入り組んだ2つの事業。政治家たちの裏側とはー。
さて、この後の展開を解説しよう。
誘拐犯から宇田清治郎に対し、身代金の要求ではなく、「お前の罪を自白しろ。自白しなければ孫を殺す。」とのメッセージがネット上より送られてくる。これまで宇田清治郎は、総理大臣界隈の、様々な闇の部分の掃除屋的な存在として関わってきた。
昨今では、ある市に建設される予定であった橋の工事について携わっていた。

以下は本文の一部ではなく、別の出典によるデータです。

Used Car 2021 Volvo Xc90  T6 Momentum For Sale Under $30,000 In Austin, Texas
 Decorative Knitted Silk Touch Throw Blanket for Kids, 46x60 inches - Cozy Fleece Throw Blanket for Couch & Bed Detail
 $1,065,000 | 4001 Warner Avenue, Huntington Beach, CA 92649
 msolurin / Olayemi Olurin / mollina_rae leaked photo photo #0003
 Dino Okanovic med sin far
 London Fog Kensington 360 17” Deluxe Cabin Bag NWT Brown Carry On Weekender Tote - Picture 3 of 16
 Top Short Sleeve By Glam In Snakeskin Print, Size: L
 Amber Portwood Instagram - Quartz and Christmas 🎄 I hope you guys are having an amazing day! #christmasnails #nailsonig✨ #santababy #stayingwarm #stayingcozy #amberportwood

当初の建設場所を自身の政治力を使い、他の市に移動させ、移動先にある総理の知人の工事業者に落札させた疑惑が、かけられていた。
また、競艇場の場所を移転させ、業者から裏金を徴収するという行為も行っていた。全ては自身の利権と金のために。そんな最中、姪を愛する主人公・晄司は、誘拐事件の解決、父を自白させるために孤軍奮闘することとなる。
一方、宇田清治郎は政治家としての自身の保身に迷いつつも晄司に一喝され、自白により柚葉が救えるのならばと、総理を巻きこまないことを条件に官房長官へと「指揮権発動(自白しても罪に問われない特権)」を要望。
しかし、総理側は汚職を自白することに関して、当然、難色を示す。
…と、ここまで観て、「ふ~ん、政治家たちの裏側って、こういうものなのか」と、何となくの勉強にはなる。「指揮権発動」などという権利があることも、初めて知った次第だ。
しかし、「橋の工事」と「競艇場の移転」の話が交差していて、「どっちがどっちの話だっけ?」と、イマイチわかりづらいのだ。
犯人の目的は、この二つの事業のおかげで、何かしらの被害を受けた人間だというのは、一目瞭然だ。が、これらの「利権問題」の描写がしばらく続いていくので、「あれ? 誘拐の話、どこいったっけ?」と、さらにストーリーの焦点がボケてしまっていることは、否めないのである。